*Dataset extract*.
-*-*-
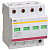 Защита от перенапряжения IEK MOP20-4-D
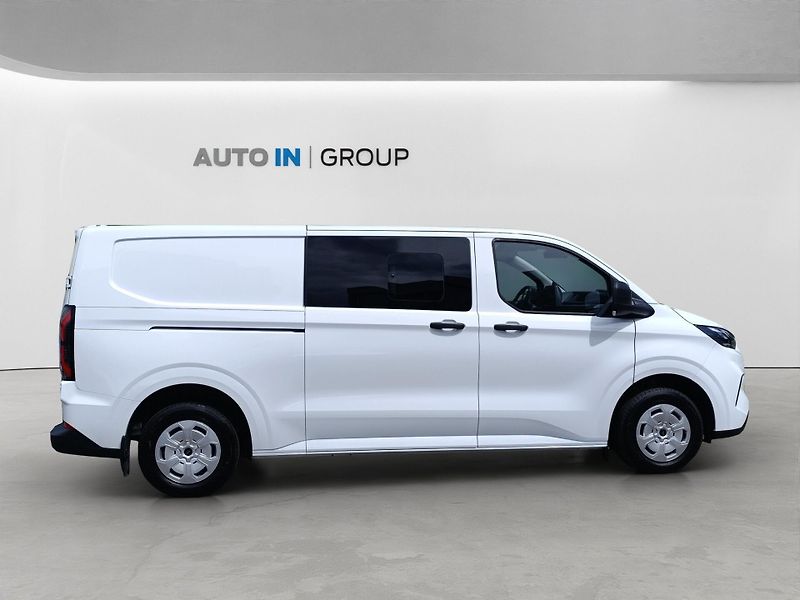Ford Transit Custom (2026) L2 TREND 320 2,0 EcoBlue 100 k - fotka 12 z 12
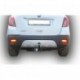 Фаркоп для OPEL MOKKA 2012-... (без электрики)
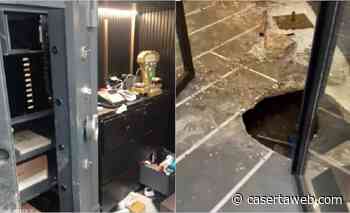 Aversa, una raccolta fondi online per "salvare" la Gioielleria Marotta dopo il furto. I ladri entrati da un tunnel | - CasertaWeb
-*-*-
Without the pictures, write out the listing exactly as it appears above.

 Защита от перенапряжения IEK MOP20-4-D
Ford Transit Custom (2026) L2 TREND 320 2,0 EcoBlue 100 k - fotka 12 z 12
 Фаркоп для OPEL MOKKA 2012-... (без электрики)
 Aversa, una raccolta fondi online per "salvare" la Gioielleria Marotta dopo il furto. I ladri entrati da un tunnel | - CasertaWeb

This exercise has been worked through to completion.